Today, more than 70% of steel in the U.S. is produced using the electric arc furnace (EAF) process to melt scrap and virgin iron, which is a more energy-efficient process than the traditional blast furnace/basic oxygen steelmaking process. But EAF steelmaking efficiency is dependent on many factors, and Ronald O’Malley, the F. Kenneth Iverson Chair Professor in Steelmaking Technologies, is leading a team of academic researchers and industry partners to develop new ways to save energy and costs related to EAF steel production by using fiber optic sensors. O’Malley is completing the negotiation for a $7.5 million grant from the U.S. Department of Energy to support the work.
“What’s exciting about this work is that these fiber optic systems traditionally have not been used in this kind of environment,” says O’Malley, who is director of the Kent D. Peaslee Steel Manufacturing Research Center. “We’re tailoring several types of fiber optic technologies for specific applications in different parts of the EAF.”
O’Malley says one method of protecting the EAF is to use the slag in the furnace to generate a slag foam that can cover the electric arc and shield the furnace side walls and roof from arc radiation.
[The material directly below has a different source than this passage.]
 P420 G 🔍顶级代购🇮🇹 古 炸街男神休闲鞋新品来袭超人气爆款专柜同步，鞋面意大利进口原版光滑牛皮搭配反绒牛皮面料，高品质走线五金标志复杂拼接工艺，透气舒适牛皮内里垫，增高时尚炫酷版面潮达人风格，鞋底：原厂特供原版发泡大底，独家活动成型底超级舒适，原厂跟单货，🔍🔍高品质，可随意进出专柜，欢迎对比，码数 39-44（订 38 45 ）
The fiber optic sensors detect hot spots as they develop, and the sensor outputs can be used to activate a flexible injection system that directs chemical energy from carbon and oxygen to generate slag foam as needed.
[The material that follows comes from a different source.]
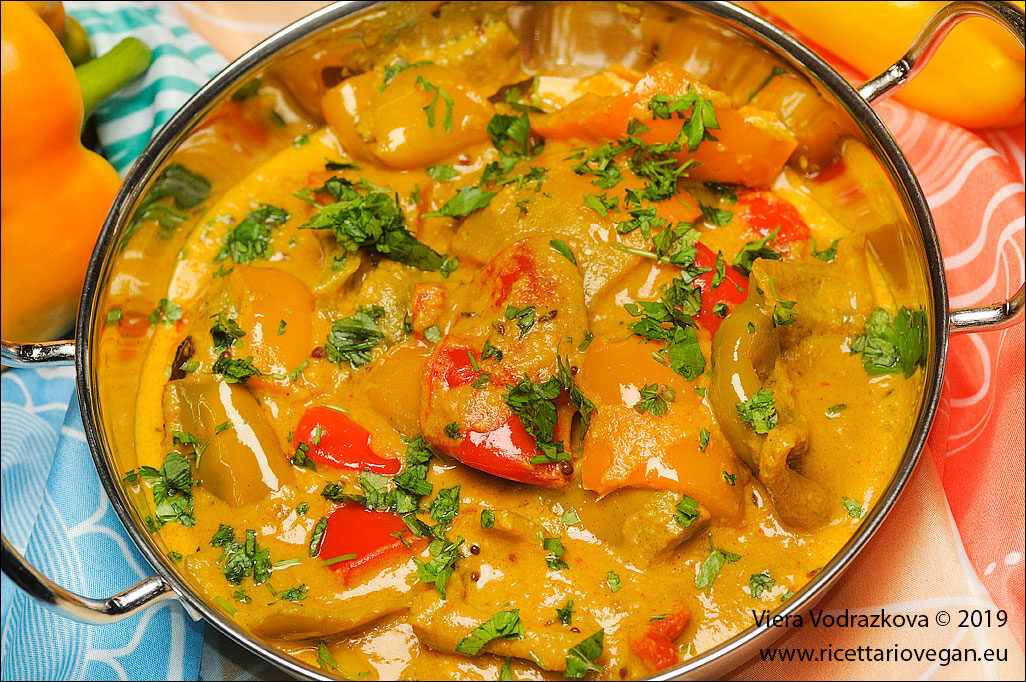 Shahi shimla mirch curry  – curry ai peperoni di shimla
Missouri S&T is partnering in this research project with Arizona State University and Continuous Improvements Experts (CIX), which provides EAF training and optimization services for the steel industry. Steel producers Big River Steel, Commercial Metals Co., Gerdau and Nucor are also partners, along with industrial gas and technology provider Linde.
Laura Bartlett, the Robert V. Wolf Associate Professor in Metallurgical Engineering, is leading a multi-million dollar project to develop lightweight, ultra-high-strength steel for next-generation U.S. Army combat vehicles. Bartlett and her team are creating lightweight steels with strength-to-weight ratios as high as titanium alloys to improve blast resistance and lower transportation costs. Production would cost less than traditional steel and be more environmentally sustainable.
In addition, the project gives students an opportunity to learn commercial-scale steel processing at the Peaslee Center – experience that will be valuable for students who go on to careers in steel manufacturing.
“Missouri S&T offers one of only seven metallurgical engineering programs in the U.S.,” says Bartlett. “We also have a history of working with the military, so this research was a natural fit.”